We all dressed in silence, like zombies. Then, we left to catch the team bus for the ride to the airport. And that’s when something amazing happened. Dad actually got on the bus and sat in the manager’s seat. He didn’t say a word, but he wanted to take a last ride with us, before we would go our own ways at the airport, where he’d catch a flight to Newark, we to Texas. On the ride, guys shook his hand, told him how much they appreciated him and how bad they felt about letting him down. He wouldn’t hear of it. He said we’d be a winning team, to go kick some ass. We got to his gate first, and as he stood up to get off, everyone spontaneously stood and applauded him. He stepped down, took his bag from the rack, and began to walk away, a solitary figure carrying his own bag. We were still continuing our ovation for him, and hearing it, he stopped and looked back at us. As we pulled away from the curb, he stood there waving.
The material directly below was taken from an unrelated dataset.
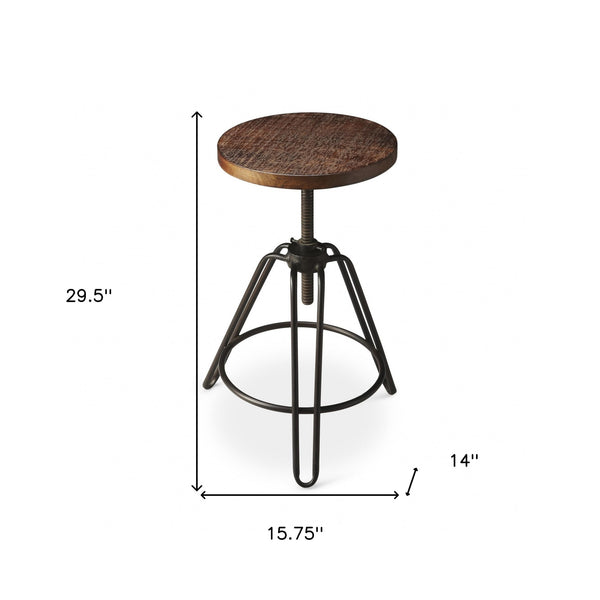 Homeroots 29" Brown And Gray Iron Swivel Backless Counter Height Swivel Bar Chair   389041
It’s hard to put into words what I felt watching him wave to us, getting smaller in the distance as the bus pulled away. All I could do was stare out the window, tears rolling down my cheek. It was like a scene from a tearjerker movie, the plot for me being that my dream of playing for my father, and his dream of managing the Yankees to a title, ended as if with a kick in the gut. And while he didn’t show it, I knew that under the surface, he was hurting as much as I was.

The media had a frenzy with the firing and the story of Billy’s fourth go-around. But what had been done to Dad felt to many writers like a crime had taken place. Sports Illustrated’s story was titled OH NO, NOT AGAIN. The brash Daily News sports columnist Mike Lupica penned a column headlined LYING BOSS, THY NAME IS DIRT, writing that Steinbrenner had “the soul of a used-car salesman,” was “a smirking loudmouth from Cleveland” who “came to town 12 years ago and… contaminated a tradition,” and that if “a man’s word is everything, then this person who is the principal owner of the Yankees is nothing.” There was also a line that went around that baseball needed Steinbrenner the way Jesus needed Judas.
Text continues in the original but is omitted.